The Underrated & the Underdogs

Edward Lando
4 min readFeb 9, 2022

I started off with many advantages, and yet — as is the case for most — I had less leverage at the beginning for my career than I have now and now still less than I hope to have in the future.

Less resources, less of a network, less know-how, fewer successes to point to to attract future teammates. (But a lot of energy, as is often true for people who have everything to prove.)

Over time things usually do become easier for these reasons. The only counterbalancing force is that I’ve seen many people have a big first success and then lose their hunger. Why not after all? Life’s good when you’ve made it. Why suffer trying to build new things? Why not just invest and live?

But not everyone slows down, and if the engine still runs just as strong, everything is now also in higher gear.

And yet, even though things have gotten a little easier, I have felt profoundly underrated at every point of my story so far. Like people never understood what I was doing, wanted to do, and was capable of. And I have always weirdly enjoyed this feeling, enjoyed being glanced over and disregarded compared to more obviously established people and brands. It’s not the only thing that motivates me but it has been a major force pushing me forward. I love that feeling of “us against the world,” a few misfits hacking away in a garage somewhere. And frankly I think that a lot of the great stories are born this way.

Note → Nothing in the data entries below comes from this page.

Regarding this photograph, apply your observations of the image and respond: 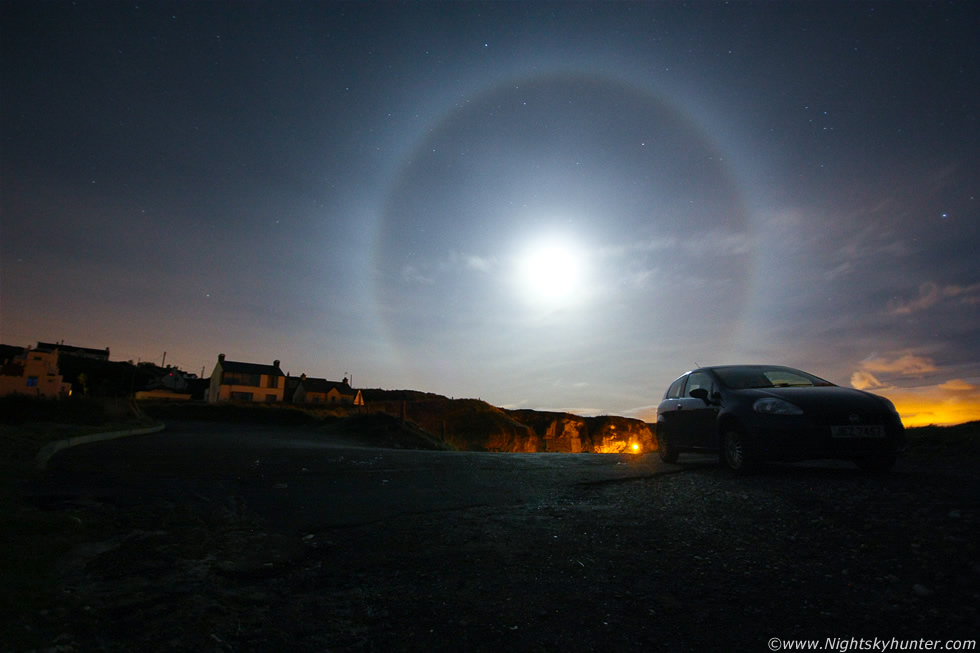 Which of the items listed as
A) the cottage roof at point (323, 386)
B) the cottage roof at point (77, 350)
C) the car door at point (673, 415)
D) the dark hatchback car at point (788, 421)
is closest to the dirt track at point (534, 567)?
the dark hatchback car at point (788, 421)

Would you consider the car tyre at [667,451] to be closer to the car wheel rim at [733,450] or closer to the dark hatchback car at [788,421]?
the dark hatchback car at [788,421]

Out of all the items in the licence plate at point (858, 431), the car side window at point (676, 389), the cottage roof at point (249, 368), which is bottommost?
the licence plate at point (858, 431)

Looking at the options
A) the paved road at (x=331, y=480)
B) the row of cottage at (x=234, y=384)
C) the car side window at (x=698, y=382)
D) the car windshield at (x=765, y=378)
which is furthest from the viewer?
the row of cottage at (x=234, y=384)

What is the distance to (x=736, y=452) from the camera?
7.29 m

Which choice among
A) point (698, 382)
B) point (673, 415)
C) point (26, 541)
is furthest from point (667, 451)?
point (26, 541)

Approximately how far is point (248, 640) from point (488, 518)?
294cm

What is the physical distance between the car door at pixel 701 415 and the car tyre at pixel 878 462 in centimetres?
188

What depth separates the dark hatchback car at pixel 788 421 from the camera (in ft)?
20.8

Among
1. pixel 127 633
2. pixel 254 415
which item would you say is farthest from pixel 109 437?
pixel 254 415

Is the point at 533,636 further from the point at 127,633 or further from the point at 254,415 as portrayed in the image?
the point at 254,415

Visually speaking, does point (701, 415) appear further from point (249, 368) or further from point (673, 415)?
point (249, 368)

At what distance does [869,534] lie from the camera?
4.04m

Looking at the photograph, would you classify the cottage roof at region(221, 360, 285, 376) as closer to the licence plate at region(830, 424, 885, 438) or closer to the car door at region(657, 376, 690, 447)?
the car door at region(657, 376, 690, 447)

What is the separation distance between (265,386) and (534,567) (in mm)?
82820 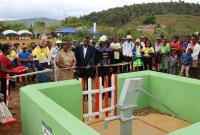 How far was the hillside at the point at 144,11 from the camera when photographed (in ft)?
285

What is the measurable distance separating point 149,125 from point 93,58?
8.63 ft

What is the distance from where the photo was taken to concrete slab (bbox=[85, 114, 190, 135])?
420 cm

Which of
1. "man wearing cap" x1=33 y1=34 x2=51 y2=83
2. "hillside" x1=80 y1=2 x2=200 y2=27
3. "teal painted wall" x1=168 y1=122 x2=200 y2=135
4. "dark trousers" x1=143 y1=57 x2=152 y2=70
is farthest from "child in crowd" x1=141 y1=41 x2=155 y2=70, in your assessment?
"hillside" x1=80 y1=2 x2=200 y2=27

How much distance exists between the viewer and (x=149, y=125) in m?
4.48

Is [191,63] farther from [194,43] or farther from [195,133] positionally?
[195,133]

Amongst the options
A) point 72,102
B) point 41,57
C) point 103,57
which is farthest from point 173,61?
point 72,102

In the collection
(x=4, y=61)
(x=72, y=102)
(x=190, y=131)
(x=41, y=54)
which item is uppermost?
(x=41, y=54)

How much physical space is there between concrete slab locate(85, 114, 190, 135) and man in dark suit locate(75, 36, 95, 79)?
1.96 m

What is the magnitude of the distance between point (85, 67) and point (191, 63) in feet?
14.4

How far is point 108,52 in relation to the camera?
6668mm

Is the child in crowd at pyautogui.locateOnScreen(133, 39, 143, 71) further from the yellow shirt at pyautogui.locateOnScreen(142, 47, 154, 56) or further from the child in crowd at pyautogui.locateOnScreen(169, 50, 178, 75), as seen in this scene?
the child in crowd at pyautogui.locateOnScreen(169, 50, 178, 75)

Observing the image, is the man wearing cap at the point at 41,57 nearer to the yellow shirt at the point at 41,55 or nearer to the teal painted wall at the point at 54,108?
the yellow shirt at the point at 41,55

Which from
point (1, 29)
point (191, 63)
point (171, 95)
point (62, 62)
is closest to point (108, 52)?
point (62, 62)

At least in my experience, the most successful companies I have helped start or investments I’ve made have been in teaming up with people unknown to the world, also possessed with the underdog mentality. People who were ignored or overlooked for a long time.

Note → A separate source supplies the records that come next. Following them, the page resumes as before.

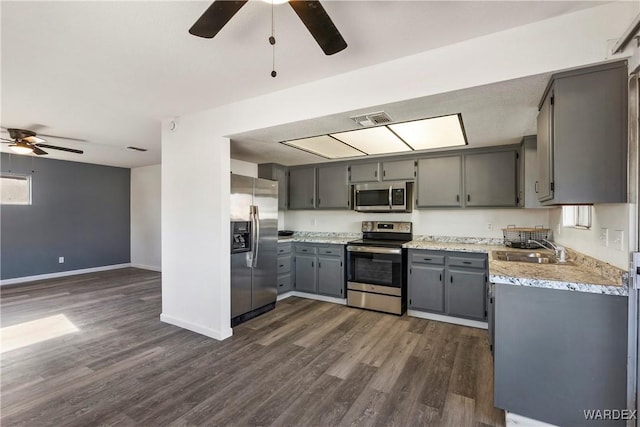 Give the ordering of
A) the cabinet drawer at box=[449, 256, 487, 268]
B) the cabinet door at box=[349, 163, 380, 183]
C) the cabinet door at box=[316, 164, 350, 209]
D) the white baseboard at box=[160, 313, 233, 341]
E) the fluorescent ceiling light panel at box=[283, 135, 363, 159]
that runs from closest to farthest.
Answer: the white baseboard at box=[160, 313, 233, 341]
the cabinet drawer at box=[449, 256, 487, 268]
the fluorescent ceiling light panel at box=[283, 135, 363, 159]
the cabinet door at box=[349, 163, 380, 183]
the cabinet door at box=[316, 164, 350, 209]

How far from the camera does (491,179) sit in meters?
3.66

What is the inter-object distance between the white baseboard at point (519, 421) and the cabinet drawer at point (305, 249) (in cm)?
301

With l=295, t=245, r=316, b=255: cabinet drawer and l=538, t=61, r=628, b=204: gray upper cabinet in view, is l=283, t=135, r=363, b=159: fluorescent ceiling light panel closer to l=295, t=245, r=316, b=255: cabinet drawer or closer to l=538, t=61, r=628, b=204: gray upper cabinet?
l=295, t=245, r=316, b=255: cabinet drawer

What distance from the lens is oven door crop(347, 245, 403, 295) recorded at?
12.3 ft

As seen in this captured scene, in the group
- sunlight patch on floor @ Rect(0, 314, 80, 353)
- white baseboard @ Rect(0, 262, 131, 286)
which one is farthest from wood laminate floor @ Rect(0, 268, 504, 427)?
white baseboard @ Rect(0, 262, 131, 286)

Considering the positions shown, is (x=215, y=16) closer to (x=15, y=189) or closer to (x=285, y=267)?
(x=285, y=267)

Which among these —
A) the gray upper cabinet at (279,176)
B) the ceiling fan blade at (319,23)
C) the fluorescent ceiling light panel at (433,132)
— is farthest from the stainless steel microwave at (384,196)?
the ceiling fan blade at (319,23)

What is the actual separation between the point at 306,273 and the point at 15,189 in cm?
593

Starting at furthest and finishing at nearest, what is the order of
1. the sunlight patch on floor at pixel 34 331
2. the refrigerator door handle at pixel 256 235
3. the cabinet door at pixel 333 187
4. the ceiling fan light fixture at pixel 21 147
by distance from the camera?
1. the cabinet door at pixel 333 187
2. the ceiling fan light fixture at pixel 21 147
3. the refrigerator door handle at pixel 256 235
4. the sunlight patch on floor at pixel 34 331

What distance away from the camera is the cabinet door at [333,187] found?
15.2ft

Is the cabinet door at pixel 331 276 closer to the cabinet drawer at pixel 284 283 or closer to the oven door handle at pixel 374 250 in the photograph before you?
the oven door handle at pixel 374 250

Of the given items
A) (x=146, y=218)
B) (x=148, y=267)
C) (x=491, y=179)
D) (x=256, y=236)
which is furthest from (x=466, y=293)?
(x=146, y=218)

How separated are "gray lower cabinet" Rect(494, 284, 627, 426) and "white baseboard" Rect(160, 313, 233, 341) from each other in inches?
98.9

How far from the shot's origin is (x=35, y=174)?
5.71 metres
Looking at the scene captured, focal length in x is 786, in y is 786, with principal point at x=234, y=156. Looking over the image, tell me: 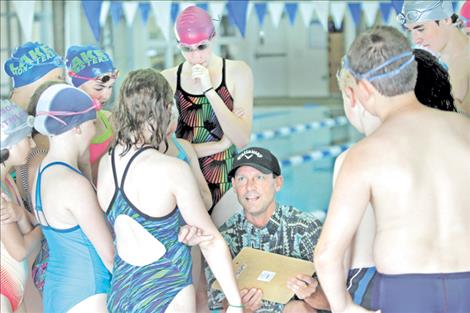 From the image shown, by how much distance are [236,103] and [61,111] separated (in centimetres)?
96

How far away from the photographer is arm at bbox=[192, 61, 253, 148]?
3096mm

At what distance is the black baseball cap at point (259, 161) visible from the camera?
270 centimetres

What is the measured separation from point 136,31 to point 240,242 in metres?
13.3

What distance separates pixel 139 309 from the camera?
2375 millimetres

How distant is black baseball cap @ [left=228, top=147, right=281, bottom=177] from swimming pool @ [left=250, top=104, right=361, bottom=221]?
4444mm

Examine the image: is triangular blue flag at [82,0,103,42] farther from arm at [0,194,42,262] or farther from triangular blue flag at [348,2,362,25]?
arm at [0,194,42,262]

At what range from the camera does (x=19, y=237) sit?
2512mm

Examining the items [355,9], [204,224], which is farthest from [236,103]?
[355,9]

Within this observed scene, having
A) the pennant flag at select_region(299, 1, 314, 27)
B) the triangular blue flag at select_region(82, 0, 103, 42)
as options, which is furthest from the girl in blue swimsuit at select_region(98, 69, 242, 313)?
the pennant flag at select_region(299, 1, 314, 27)

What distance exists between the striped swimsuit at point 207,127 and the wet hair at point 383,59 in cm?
128

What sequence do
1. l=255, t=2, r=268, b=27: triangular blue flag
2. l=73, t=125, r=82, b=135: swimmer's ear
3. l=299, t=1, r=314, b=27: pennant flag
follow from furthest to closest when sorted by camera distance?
l=255, t=2, r=268, b=27: triangular blue flag
l=299, t=1, r=314, b=27: pennant flag
l=73, t=125, r=82, b=135: swimmer's ear

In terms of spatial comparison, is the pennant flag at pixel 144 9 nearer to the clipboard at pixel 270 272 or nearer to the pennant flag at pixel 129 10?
the pennant flag at pixel 129 10

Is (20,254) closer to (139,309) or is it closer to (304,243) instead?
(139,309)

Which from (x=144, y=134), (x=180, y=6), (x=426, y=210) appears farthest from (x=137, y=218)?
(x=180, y=6)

Take my friend Krishna from Catalina Crunch, now a nationwide brand. Krishna and I became friends hacking on some web apps together in New York, back when he was trying to start an auto-insurance company and I was figuring out what startup I wanted to work on, putting together one Rails app after another and trying to drive traffic to them. For more than a year after quitting his quant hedge fund job, Krishna tried to raise money and attract partners for this auto-insurance idea and wasn’t able to.

After a while, he totally changed directions and decided to create a healthy keto food brand, based on his own experience and needs as a diabetic. With no previous experience, he started baking cereal in his tiny NY studio. When he tried to raise money for that, showing up to meetings in his shorts and flip flops and extremely “relaxed” style, he was entirely overlooked. I had the advantage of knowing him well and having sat next to him coding together and seeing him not get up from his chair for 10 hours straight. I knew he was brilliant and a workhorse and that it just wasn’t obvious to the world yet. So I was lucky enough to be his first investor.

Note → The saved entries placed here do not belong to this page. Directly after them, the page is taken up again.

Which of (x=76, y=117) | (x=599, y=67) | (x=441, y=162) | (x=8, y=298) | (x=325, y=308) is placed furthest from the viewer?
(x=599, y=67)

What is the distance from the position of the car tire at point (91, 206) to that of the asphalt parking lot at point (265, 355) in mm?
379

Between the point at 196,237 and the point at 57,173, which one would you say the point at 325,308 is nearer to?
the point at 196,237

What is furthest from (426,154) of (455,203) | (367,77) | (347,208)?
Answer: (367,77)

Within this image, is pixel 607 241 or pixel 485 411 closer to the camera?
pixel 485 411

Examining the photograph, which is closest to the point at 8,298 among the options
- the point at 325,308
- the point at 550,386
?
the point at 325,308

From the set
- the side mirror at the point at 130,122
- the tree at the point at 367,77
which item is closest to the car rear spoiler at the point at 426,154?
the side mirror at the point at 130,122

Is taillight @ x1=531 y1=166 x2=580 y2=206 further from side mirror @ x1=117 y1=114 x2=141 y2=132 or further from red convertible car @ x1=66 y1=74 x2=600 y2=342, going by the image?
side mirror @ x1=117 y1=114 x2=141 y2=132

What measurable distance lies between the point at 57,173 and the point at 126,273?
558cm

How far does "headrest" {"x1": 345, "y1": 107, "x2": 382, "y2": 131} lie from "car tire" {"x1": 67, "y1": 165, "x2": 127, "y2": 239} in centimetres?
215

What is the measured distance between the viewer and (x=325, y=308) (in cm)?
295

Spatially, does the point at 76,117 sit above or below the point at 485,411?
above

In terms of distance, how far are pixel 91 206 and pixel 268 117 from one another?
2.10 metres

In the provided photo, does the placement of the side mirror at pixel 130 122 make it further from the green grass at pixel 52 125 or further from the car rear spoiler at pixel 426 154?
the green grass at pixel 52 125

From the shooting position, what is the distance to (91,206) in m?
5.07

People like Krishna will grind harder than anyone else. They are not fancy or entitled and usually are scrappy as hell. Even to this day Krishna runs his company in an incredibly cautious and capital efficient way. I really do believe that the Krishna’s of the world are the best types of entrepreneurs. They continue to be underdogs. I have a dozen more examples that I’ll share some other time.

You of course have stories of senior executives at known companies starting very successful new things, but you also have many examples of grittier, less fancy teams starting off with a lot less funding and just making it work. You see very rich people try to incubate new things with hundreds of millions or sometimes even billions and those usually don’t end up anywhere. Too much money, too many fancy people, no urgency, no grit, no burning desire to prove everyone wrong. I think there has to be some sort of law of nature that favors the scrappy.

Being able to retain this underdog quality as you find success is invaluable. More resources can make you more powerful but more comfort will make you weak.

Back when I started working on startups and investing, almost no one sent me anything. I was living in San Francisco and — fair enough — there was no reason for an established VC firm to include me in an investment. Then I moved to New York and met a few people who were nice and made room for me (people like Ryan Darnell and Shana Fisher and Nick Chirls) — this of course is a great tell of their character… What was in it for them? It so happens that they are some of the very best early investors I know.

Every week I have people underestimate me and the teams I work with, and I hope it stays this way. (I also have people in my life who keep believing in us and opening doors in whatever way they can.)

But it’s nice to be shunned at a cocktail party or get the door shut in your face once in a while. It means you’re continuing to push out of your comfort zone, continuing to reach further even as the resources available to you expand. And it’s a great motivating reminder that you have to recreate yourself every day and that you certainly have not arrived.

Nothing is earned for good.

Everything has to be fought for day after the day, in the trenches, with your people.